I occasionally use it and it isn't bad. At the end of the day though it is a polymer sealant and thus will not last very long on it's own.


----------



## andymp85 (Jul 21, 2013)

like above as being in the motor trade for a while the lad that did it didn't do a bad job but his replacement was a different matter if i was you i would take the option only if they give you the kit to have some one else apply it that will do it properly there is a bloke on here that has been approved by supagard to apply them so if you can get the kit and let him do it its worth it but i would say you wouldn't get less than a year out of it but worth it for the winter


----------



## Jon Allum (Aug 18, 2012)

Hi there,

If you pay for this option you may as well burn the money. Even the most durable coatings offered by Gyeon and 22PLE last 18-24 months.

This is when applied to freshly prepared paintwork. I.e taken through the decontamination steps to remove tar, iron-based contaminants, non-iron based metals and other embedded particles. I would bet that the person who applies Supaguard has no idea of how to wash a car let alone decontaminate the paint and this will result in a much shorter lifespan for the product. If are serious about protecting your car in something that will last 18-24 months look at the above products and perhaps get in a pro detailer to apply them for you. This would probably be the best use of the money you would spend.

I hope this helps,

Jon


----------



## Blueberry (Aug 10, 2007)

You are best spending the money on a professional detailer who will do a much better job and use something that will last.


----------



## S63 (Jan 5, 2007)

I asked my Polish valeter friend when not doing a £399 Superguard package what polish was he using just for the regular prep finish, he smiled and said "Superguard"


----------



## Sheep (Mar 20, 2009)

andymp85 said:


> like above as being in the motor trade for a while the lad that did it didn't do a bad job but his replacement was a different matter if i was you i would take the option only if they give you the kit to have some one else apply it that will do it properly there is a bloke on here that has been approved by supagard to apply them so if you can get the kit and let him do it its worth it but i would say you wouldn't get less than a year out of it but worth it for the winter


Translation:

As stated above, after being in the motor trade for a while, there was a guy that did a decend job applying this. However, his replacement was a different matter. If I were you I would take the option if possible that they supply the products to you, so your can have the supergaurd applied by someone that hass been approved. There is someone on here that is approved to apply these coatings/sealants/waxes so if you can get him to do it, then it would be worth it. I would say you would see less then a year's worth of durability out of these but it would at least last through winter.

That's better.


----------



## BryceFFC (Jul 12, 2012)

^hahaha

My sister has it on her bmw for 3 months and I've washed it safely every weeks and I'm starting to notice alot of tar and fallout, also I reckon 99% of the beading it has is from my QD! She also got a kit with shampoo, alloy sealant and tyre shine both in aerosol cans.. They claim this is a kit worth 299 quid.. Madness! Skip it mate


----------



## wadoryu (Jan 28, 2010)

My mum had it, was no better than turtle wax nano paste sealant, and only lasted 6 months.


----------



## srod (Dec 31, 2010)

S63 said:


> I asked my Polish valeter friend when not doing a £399 Superguard package what polish was he using just for the regular prep finish, he smiled and said "Superguard"
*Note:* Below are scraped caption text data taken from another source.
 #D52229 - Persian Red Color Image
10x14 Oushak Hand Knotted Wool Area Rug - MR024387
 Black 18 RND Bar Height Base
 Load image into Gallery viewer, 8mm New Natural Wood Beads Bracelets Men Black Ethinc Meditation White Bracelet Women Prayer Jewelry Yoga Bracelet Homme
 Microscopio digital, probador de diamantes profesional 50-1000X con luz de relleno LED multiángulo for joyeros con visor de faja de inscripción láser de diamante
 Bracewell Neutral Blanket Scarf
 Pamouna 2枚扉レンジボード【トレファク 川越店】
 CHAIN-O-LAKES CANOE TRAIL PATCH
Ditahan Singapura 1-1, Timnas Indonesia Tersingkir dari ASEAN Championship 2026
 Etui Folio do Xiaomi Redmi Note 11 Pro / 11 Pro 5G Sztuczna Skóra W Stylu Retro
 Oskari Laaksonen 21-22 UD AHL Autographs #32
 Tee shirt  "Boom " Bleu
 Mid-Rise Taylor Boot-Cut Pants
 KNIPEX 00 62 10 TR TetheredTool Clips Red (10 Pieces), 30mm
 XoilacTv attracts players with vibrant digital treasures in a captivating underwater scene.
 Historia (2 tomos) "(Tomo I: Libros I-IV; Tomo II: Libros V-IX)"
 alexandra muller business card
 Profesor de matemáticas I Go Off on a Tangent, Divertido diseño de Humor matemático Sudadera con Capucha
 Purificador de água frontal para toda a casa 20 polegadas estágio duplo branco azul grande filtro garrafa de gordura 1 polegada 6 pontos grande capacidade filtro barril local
Yes I know dealers whose valeters apply it regardless of whether it has been paid for or not. They just have so much of the stuff lying around that it is just very convenient for them.


----------



## SadlyDistracted (Jan 18, 2013)

Hi, simple anwer is: No
As a kit off ebay for ~£20 Supergard is not bad but nowhere near as good as proper sealants, e.g. Carpro, Gtechniq etc.

Generally dealer applied stuff is basically a sales rip off, as many have stated you are *much *betteer off going to a pro detailer and gong for proper sealants on paintwork, wheels and leather. :thumb:

S


----------



## andymp85 (Jul 21, 2013)

Ok ok i know my English writing is not very good. I will have to try better to get it right lol .


----------



## S63 (Jan 5, 2007)

andymp85 said:


> Ok ok i know my English writing is not very good. I will have to try better to get it right lol .


Your writing is good, sprinkle in a few full stops and commas and you'll have the grammar police off your back.:thumb:


----------



## Sheep (Mar 20, 2009)

S63 said:


> Your writing is good, sprinkle in a few full stops and commas and you'll have the grammar police off your back.:thumb:


He had a valid point in relation to the thread, it was just a little hard to see.


----------



## Coxyboy123 (Feb 15, 2013)

So let me get this straight! When the salesman is telling me he's putting the Supagard in for free he's just putting a sealant on it? He sold this to my brother as a £900 extra that he would put in for free! Hahahahaha


----------



## ALTEA (Dec 23, 2005)

If they are putting it in for free then there must be so much money in the deal for them that they can afford to do it. My aunty just had it put on her juke for free. I think she must have got ripped off on the deal and would have been better off negotiating a better price on the deal. She also was given a kit part of which included a sponge. What sort of car protection package would give you a sponge??


----------



## Strongey (Apr 16, 2013)

A customer of mine has a 6 month old mercedes with their super guard on it and I let her know that it no longer appears to be working or protecting her vehicle.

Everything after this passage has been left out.